I'll illustrate using Metal.jl on my MacBook Pro running MacOS Ventura 13.3.1. It has Apple M2 chip with 38 GPU cores.

```{julia}
versioninfo()
```

Load packages:

```{julia}
using Pkg

Pkg.activate(pwd())
Pkg.instantiate()
Pkg.status()
```

## Query GPU devices in the system

```{julia}
using Metal

Metal.versioninfo()
```

## Transfer data between main memory and GPU

```{julia}
# generate SP data on CPU
x = rand(Float32, 3, 3)
# transfer data form CPU to GPU
xd = MtlArray(x)
```

```{julia}
# generate array on GPU directly
# yd = Metal.ones(3, 3)
yd = MtlArray(ones(Float32, 3, 3))
```

```{julia}
# collect data from GPU to CPU
x = collect(xd)
```

## Linear algebra

```{julia}
using BenchmarkTools, LinearAlgebra, Random

Random.seed!(257)
n = 2^14
# on CPU
x = rand(Float32, n, n)
y = rand(Float32, n, n)
z = zeros(Float32, n, n)
# on GPU
xd = MtlArray(x)
yd = MtlArray(y)
zd = MtlArray(z);
```

### Dot product

```{julia}
# SP matrix dot product on GPU: tr(X'Y)
# why are there allocations?
bm_gpu = @benchmark Metal.@sync dot($xd, $yd)
```

```{julia}
# SP matrix dot product on CPU: tr(X'Y)
bm_cpu = @benchmark dot($x, $y)
```

```{julia}
# speedup
median(bm_cpu.times) / median(bm_gpu.times)
```

### Broadcast

```{julia}
# SP broadcast on GPU: z .= x .* y
# why is there allocation?
bm_gpu = @benchmark Metal.@sync $zd .= $xd .* $yd
```

```{julia}
# SP broadcast on CPU: z .= x .* y
bm_cpu = @benchmark $z .= $x .* $y
```

```{julia}
# speedup
median(bm_cpu.times) / median(bm_gpu.times)
```

### Matrix multiplication

```{julia}
# SP matrix multiplication on GPU
bm_gpu = @benchmark Metal.@sync mul!($zd, $xd, $yd)
```

For this problem size on this machine, we see GPU achieves a staggering **9 TFLOPS** throughput with single precision!

```{julia}
# SP throughput on GPU
(2n^3) / (minimum(bm_gpu.times) / 1e9)
```

```{julia}
# SP matrix multiplication on CPU
bm_cpu = @benchmark mul!($z, $x, $y)
```

```{julia}
# SP throughput on CPU
(2n^3) / (minimum(bm_cpu.times) / 1e9)
```

We see >10x speedup by GPUs in this matrix multiplication example.

```{julia}
# cholesky on Gram matrix
# This one doesn't seem to work on Apple M2 chip yet
# xtxd = xd'xd + I
# @benchmark Metal.@sync cholesky($(xtxd))
```

```{julia}
# xtx = collect(xtxd)
# @benchmark cholesky($(Symmetric(xtx)))
```

GPU speedup of Cholesky seems unavailable at the moment.

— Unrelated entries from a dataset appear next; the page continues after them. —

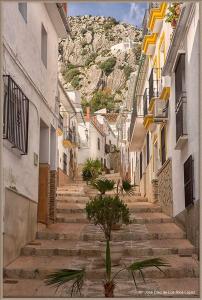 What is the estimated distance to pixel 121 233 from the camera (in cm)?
1228

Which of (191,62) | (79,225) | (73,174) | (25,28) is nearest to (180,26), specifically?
(191,62)

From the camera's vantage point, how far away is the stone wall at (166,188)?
46.6ft

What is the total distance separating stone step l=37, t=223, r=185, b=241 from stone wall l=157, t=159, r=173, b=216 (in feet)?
3.89

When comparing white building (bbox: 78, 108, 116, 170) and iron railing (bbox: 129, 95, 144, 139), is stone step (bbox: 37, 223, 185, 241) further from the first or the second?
white building (bbox: 78, 108, 116, 170)

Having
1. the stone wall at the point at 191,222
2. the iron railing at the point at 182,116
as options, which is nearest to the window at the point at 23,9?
the iron railing at the point at 182,116

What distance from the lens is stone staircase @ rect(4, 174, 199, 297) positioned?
7.81m

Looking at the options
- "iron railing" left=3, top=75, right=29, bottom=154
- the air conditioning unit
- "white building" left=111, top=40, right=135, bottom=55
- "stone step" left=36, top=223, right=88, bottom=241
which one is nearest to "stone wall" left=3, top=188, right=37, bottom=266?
"stone step" left=36, top=223, right=88, bottom=241

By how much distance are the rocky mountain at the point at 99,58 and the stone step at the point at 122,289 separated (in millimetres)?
48109

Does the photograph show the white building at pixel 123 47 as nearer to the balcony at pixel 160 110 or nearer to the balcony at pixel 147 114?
the balcony at pixel 147 114

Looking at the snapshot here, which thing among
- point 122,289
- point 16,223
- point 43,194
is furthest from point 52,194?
point 122,289

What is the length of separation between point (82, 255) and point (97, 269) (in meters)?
1.25

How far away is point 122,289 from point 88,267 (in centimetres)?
135

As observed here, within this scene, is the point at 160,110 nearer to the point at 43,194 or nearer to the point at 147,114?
the point at 147,114

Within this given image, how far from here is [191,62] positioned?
33.0 feet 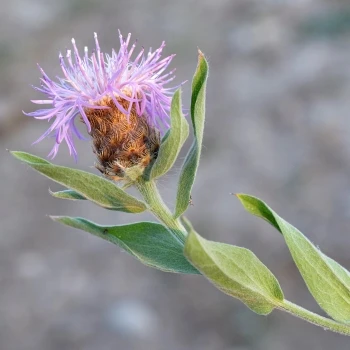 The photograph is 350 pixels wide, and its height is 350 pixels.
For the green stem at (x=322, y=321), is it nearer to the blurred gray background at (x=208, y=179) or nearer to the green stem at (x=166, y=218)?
the green stem at (x=166, y=218)

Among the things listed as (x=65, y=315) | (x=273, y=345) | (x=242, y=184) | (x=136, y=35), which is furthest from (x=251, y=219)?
(x=136, y=35)

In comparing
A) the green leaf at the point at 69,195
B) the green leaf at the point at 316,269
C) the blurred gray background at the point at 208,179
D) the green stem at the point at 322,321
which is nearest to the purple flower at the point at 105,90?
the green leaf at the point at 69,195

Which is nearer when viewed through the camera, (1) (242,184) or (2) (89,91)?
(2) (89,91)

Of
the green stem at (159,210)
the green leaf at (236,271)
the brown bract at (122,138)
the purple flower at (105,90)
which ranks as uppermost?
the purple flower at (105,90)

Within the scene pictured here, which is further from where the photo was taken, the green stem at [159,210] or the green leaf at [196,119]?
the green stem at [159,210]

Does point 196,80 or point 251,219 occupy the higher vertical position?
point 196,80

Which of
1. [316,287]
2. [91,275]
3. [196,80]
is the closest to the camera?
[196,80]

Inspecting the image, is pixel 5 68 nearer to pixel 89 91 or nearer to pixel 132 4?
pixel 132 4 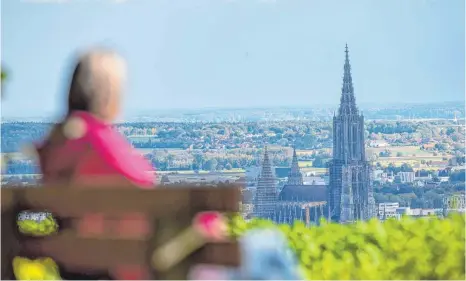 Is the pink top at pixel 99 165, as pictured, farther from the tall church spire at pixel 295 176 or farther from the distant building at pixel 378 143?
the distant building at pixel 378 143

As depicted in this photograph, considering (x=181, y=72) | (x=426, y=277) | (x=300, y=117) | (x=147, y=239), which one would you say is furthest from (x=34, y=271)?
(x=300, y=117)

## Evaluation of elementary and special functions on GPU

```{julia}
# elementwise function on GPU arrays
fill!(yd, 1)
bm_gpu = @benchmark Metal.@sync $zd .= log.($yd .+ sin.($xd))
bm_gpu
```

```{julia}
# elementwise function on CPU arrays
x, y, z = collect(xd), collect(yd), collect(zd)
bm_cpu = @benchmark $z .= log.($y .+ sin.($x))
bm_cpu
```

```{julia}
# Speed up
median(bm_cpu.times) / median(bm_gpu.times)
```

GPU brings great speedup (>50x) to the massive evaluation of elementary math functions.